=== Begin Enclosure ===

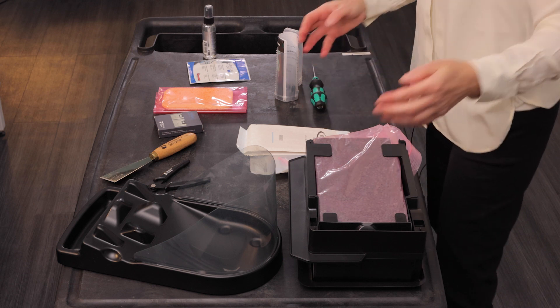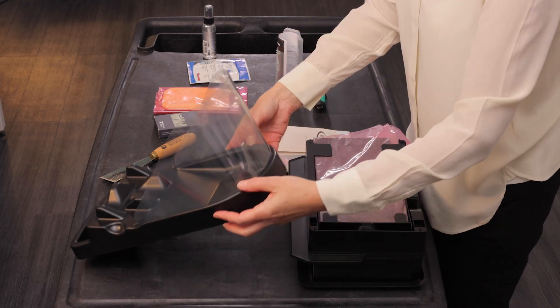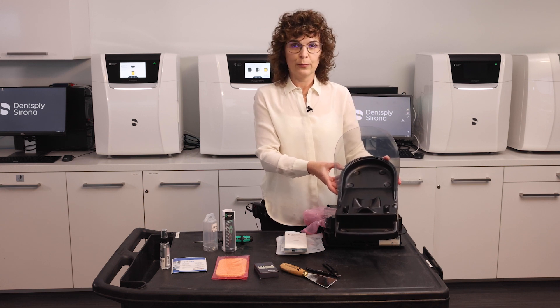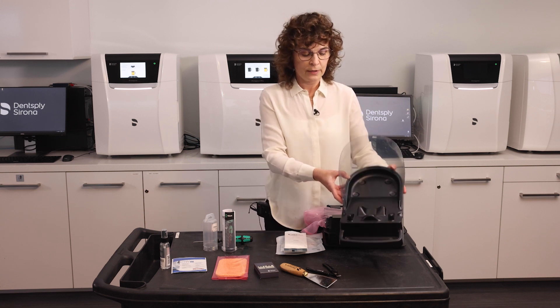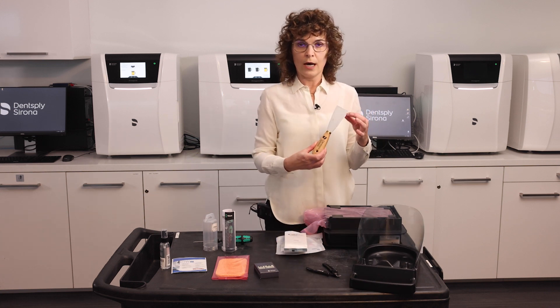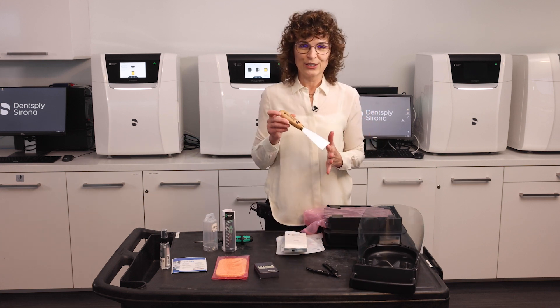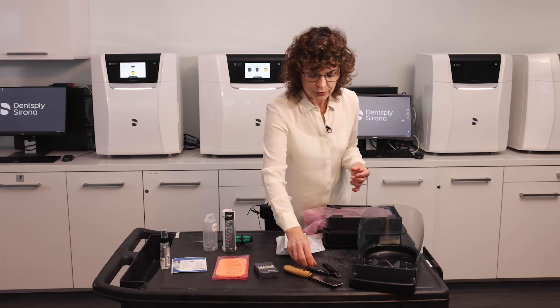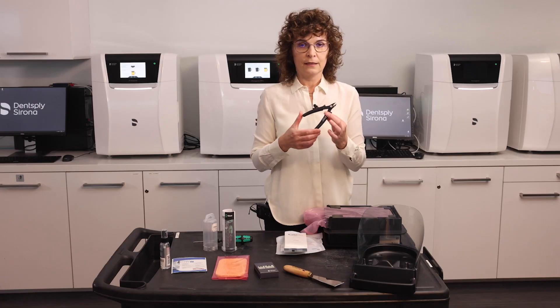Additionally, your Prime Print solution comes with a platform holder that aids in removing prints from the building platform. You are also going to use a spatula with the logo up so that the bevel is positioned correctly to gently loosen up and remove the prints. To remove the supports, you will use this side cutter.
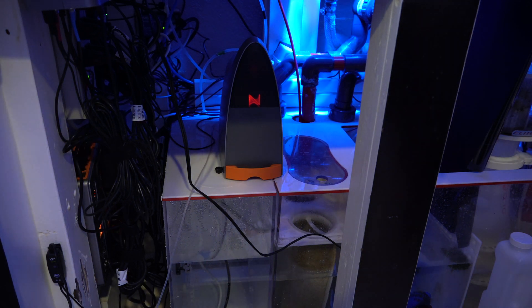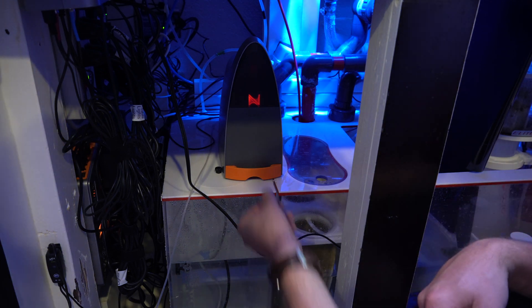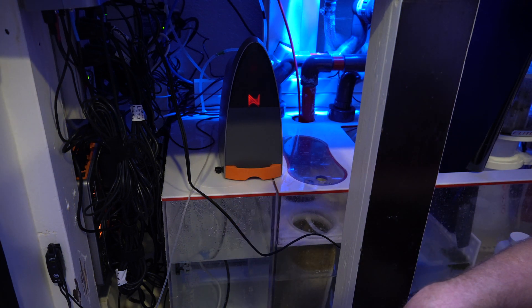If you're new to the Trident and you're about to get one, if you can put it somewhere that's easy to access so you can pull this drawer out, do it, because this is a pain in the butt the way I do it.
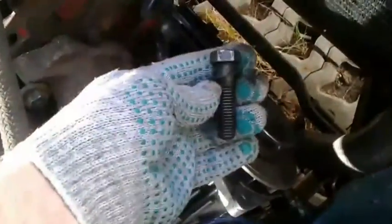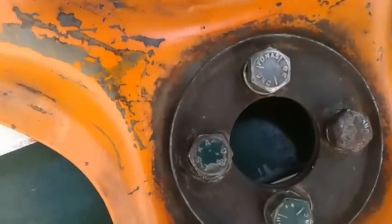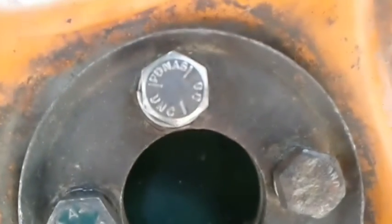Fit the alternator bottom bolt — screwing but not fully tightening before tightening the fan belt. Adjust using the fan belt adjusting bolt, then install the fan and tighten the fan belt.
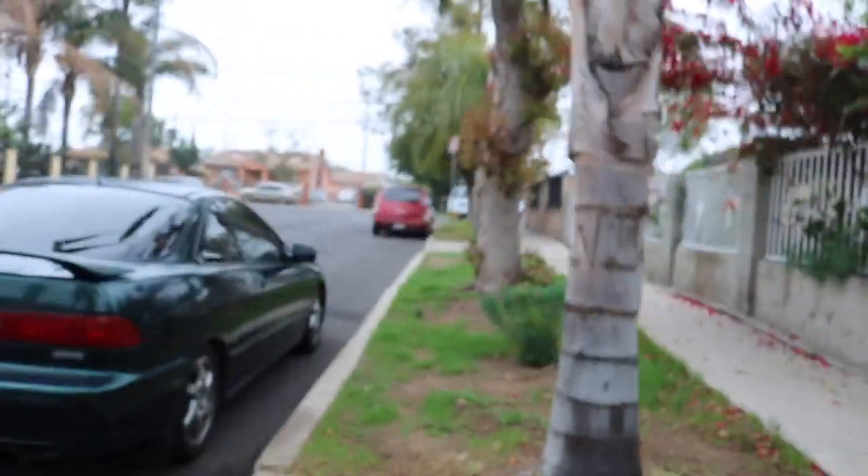So today we're gonna go with my friend. He's gonna go check out a GSR today. So we're gonna go check out that GSR. It's gonna be about a two hour drive to San Diego. Let's see how it goes.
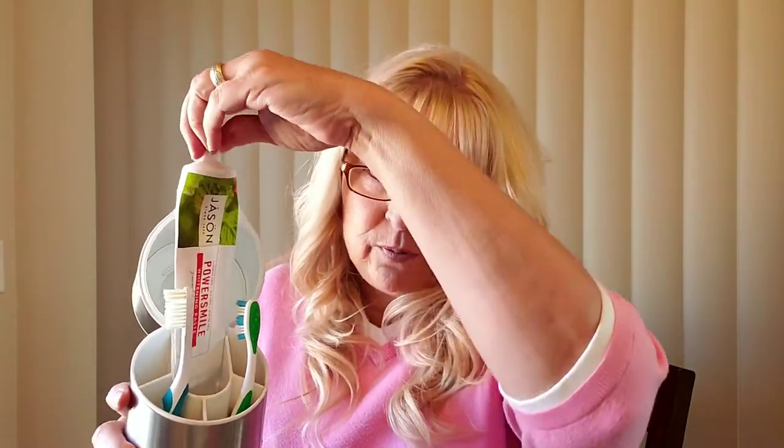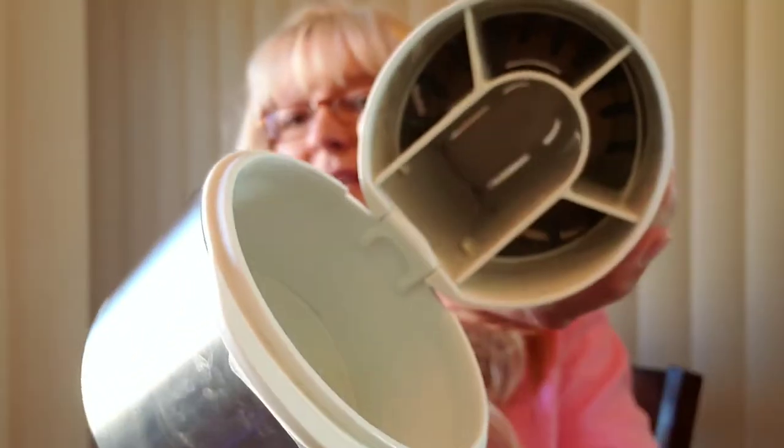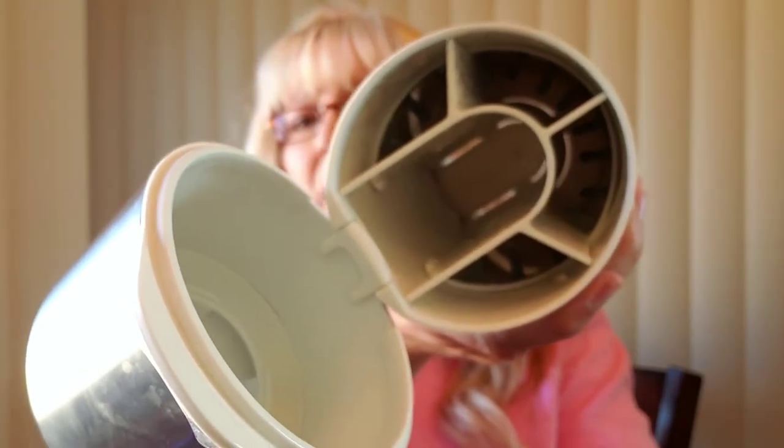So you have your toothbrushes — it will fit four toothbrushes in here, and your toothpaste. What's cool about this is it's vented. Let me show you that — can you see the air can go through there?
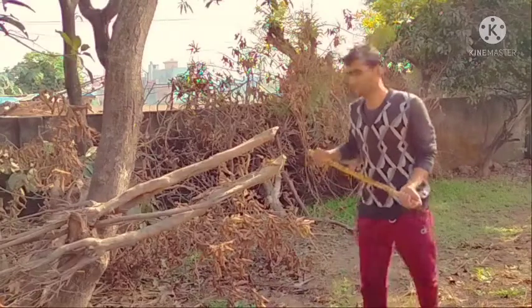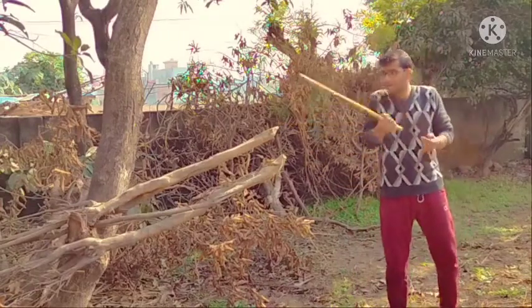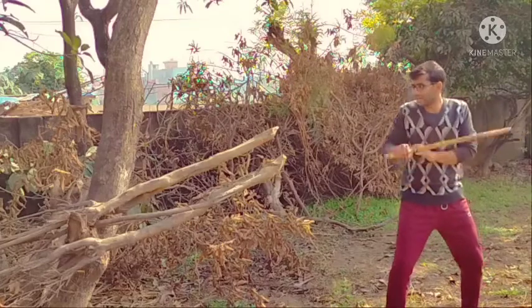Here is one simple challenge for you — I will be tagging some people from this group, and hopefully you're going to enjoy it. We will be using only the tip to hit something. As I practice, I'm just sharing this with you. The challenge is to hit with this tip 20 times, right here. Stand like this, and begin.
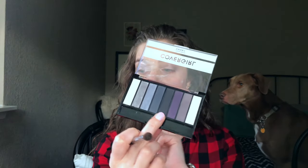So far so good — those are actually blending really really well, I'm very excited about that. I'm gonna stick with the same brush and go into this matte black and just kind of deepen up the outer corners.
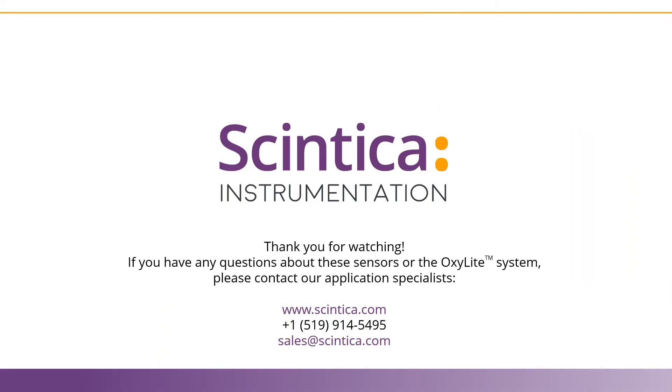Thank you for watching, and if you have any questions about the information that appeared in this video, please contact our Application Specialists or head to our website at www.syntica.com.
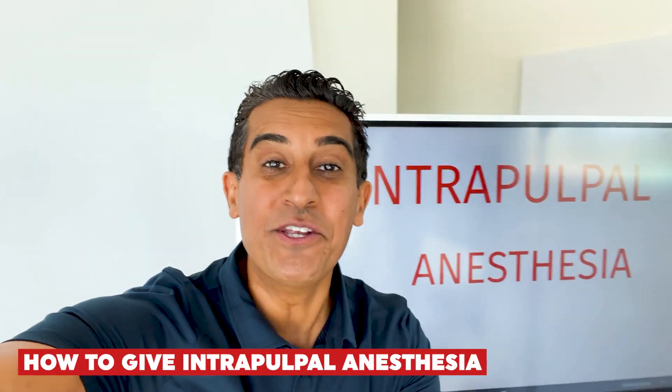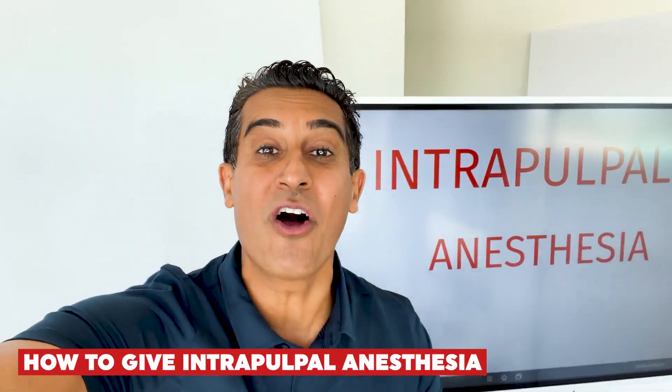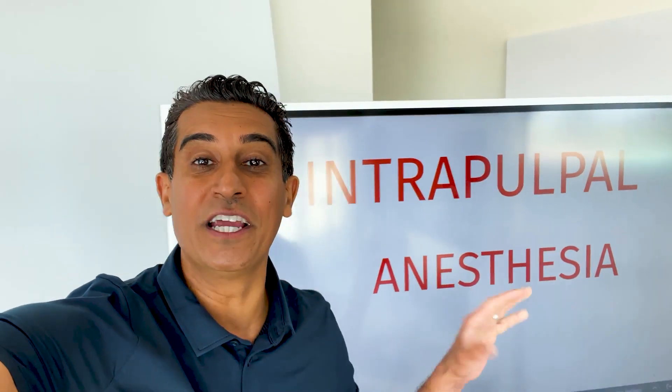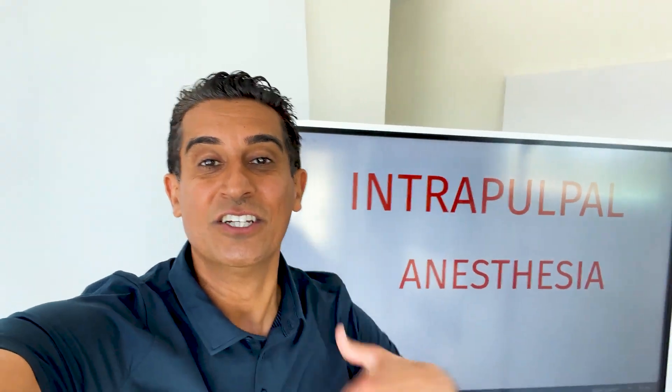Hey, it's Dr. Ganantra. Have you ever been doing endo and it's just so hard to get the tooth numb? It's a hot tooth. How do you numb it up? I'm going to have Dr. Gilbert walk us through intrapulpal anesthesia — how do you anesthetize that tooth that you've opened up while you're doing endo on it? Dr. Gilbert's going to walk us through exactly how he does it. Hopefully it'll help you too.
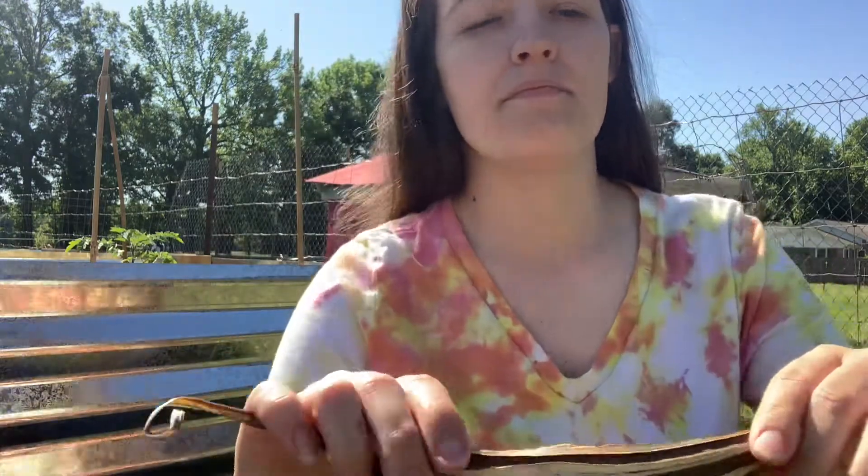We are going to be planting the okra today. I'll open it up and show you what it looks like inside. I did not buy any okra seeds, so hopefully these do really well and we get lots of okra this year. We eat and cook a lot of okra — we boil it, we fry it, but I think one of my favorites is pickling okra. I love pickled okra, especially in the winter time when I can't find it anywhere.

=== End Enclosure ===

What to produce: For this exercise, please set down exactly the lines of the listing above from the line with "Here is one" up to and including the line with "So far so good", and no pictures.

Response area:
Here is one simple challenge for you — I will be tagging some people from this group, and hopefully you're going to enjoy it. We will be using only the tip to hit something. As I practice, I'm just sharing this with you. The challenge is to hit with this tip 20 times, right here. Stand like this, and begin.
So far so good — those are actually blending really really well, I'm very excited about that. I'm gonna stick with the same brush and go into this matte black and just kind of deepen up the outer corners.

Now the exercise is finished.